El COVID-19 y las obras de construcción ¿Salud pública o salud laboral?

Desde que el pasado 11 de marzo la Organización Mundial de la Salud elevase la situación de emergencia de salud pública ocasionada por el SARS-CoV-2 (en adelante COVID-19) a pandemia internacional, en aproximadamente un mes mucho ha sido lo que se ha vivido en nuestro país, tanto como sociedad como desde el punto de vista laboral.

No pretendo analizar dicha pandemia y como se debería haber actuado para evitarla, o al menos reducir la trágica cifra de contagiados y fallecidos por el virus, que en el momento de la elaboración de este artículo asciende a más de 160.000 contagiados y más de 16.000 personas fallecidas.

No soy especialista ni epidemiólogo, pero son cifras desorbitadas que creo deberían hacernos reflexionar profundamente para aprender y actuar en consecuencia. Los humanos nos caracterizamos por tropezar dos veces (o más) con la misma piedra. Esperemos que la respuesta frente a una nueva y posible pandemia sea más acertada, y no volvamos a cometer los mismos errores.

Dicho lo anterior, voy a centrar este documento en exponer mi experiencia desde que estalló la situación de emergencia en su aspecto laboral.

Mucho se ha legislado en este último mes con medidas que afectan a toda la actividad laboral del país, incluyendo el sector de la construcción. La rapidez en la evolución de los hechos, a escala nacional e internacional, ha requerido la adopción de medidas excepcionales para hacer frente a esta coyuntura, declarándose el estado de alarma en nuestro país por medio del RD 463/2020 de 14 de marzo. Esta norma estableció limitaciones a la libre circulación de las personas, así como importantes medidas de contención de la actividad económica.

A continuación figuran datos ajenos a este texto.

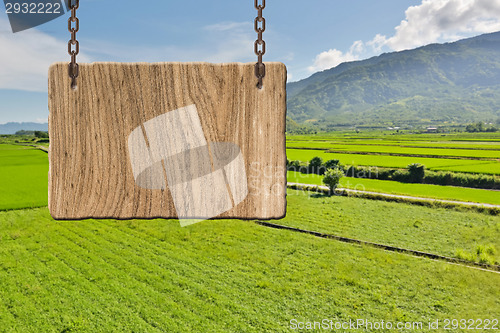 Image of Blank wooden sign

A pesar de que el citado Real Decreto y su posterior modificación a través del RD 465/2020 de 17 de marzo, no imponía la paralización de la actividad en el sector de la construcción, lo cierto es que algunas obras fueron paralizadas o se redujo drásticamente su actividad ante la dificultad por parte de los agentes involucrados de establecer medidas de seguridad y salud que garantizasen la salud de todas las personas que intervienen en el proceso constructivo. Además, se han producido casos confirmados de positivos por COVID-19 en las obras, hecho que también ha propiciado que algunas empresas, aplicando sus protocolos, hayan decidido paralizar la actividad de la obra total o parcialmente.

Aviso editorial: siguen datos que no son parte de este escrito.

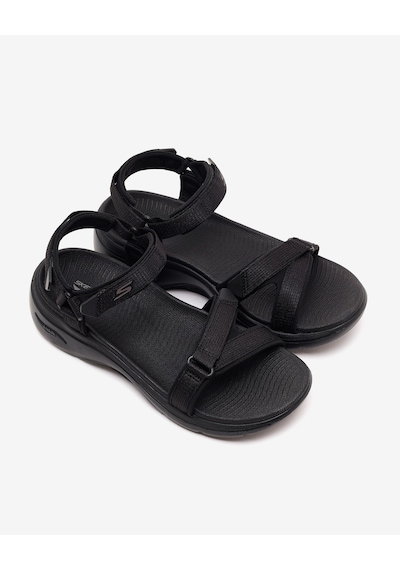 Skechers Go Walk Arch Fıt 2.0 Sandal Kadın Siyah Sandalet 140876 Bbk Siyah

Esta disminución de la actividad de construcción se vio incrementada con la aprobación del RDL 10/2020, de 29 de marzo de 2020, por el que se reguló un permiso retribuido recuperable para las personas trabajadoras por cuenta ajena que no prestasen servicios esenciales, todo ello con el fin de reducir la movilidad de la población en el contexto de la lucha contra el COVID-19. La imposibilidad de acudir a las obras por parte de los trabajadores por cuenta ajena, salvo en situaciones excepcionales reguladas en el propio RDL, ha traído como consecuencia la suspensión temporal de la actividad en la mayoría de las obras que se mantenían abiertas.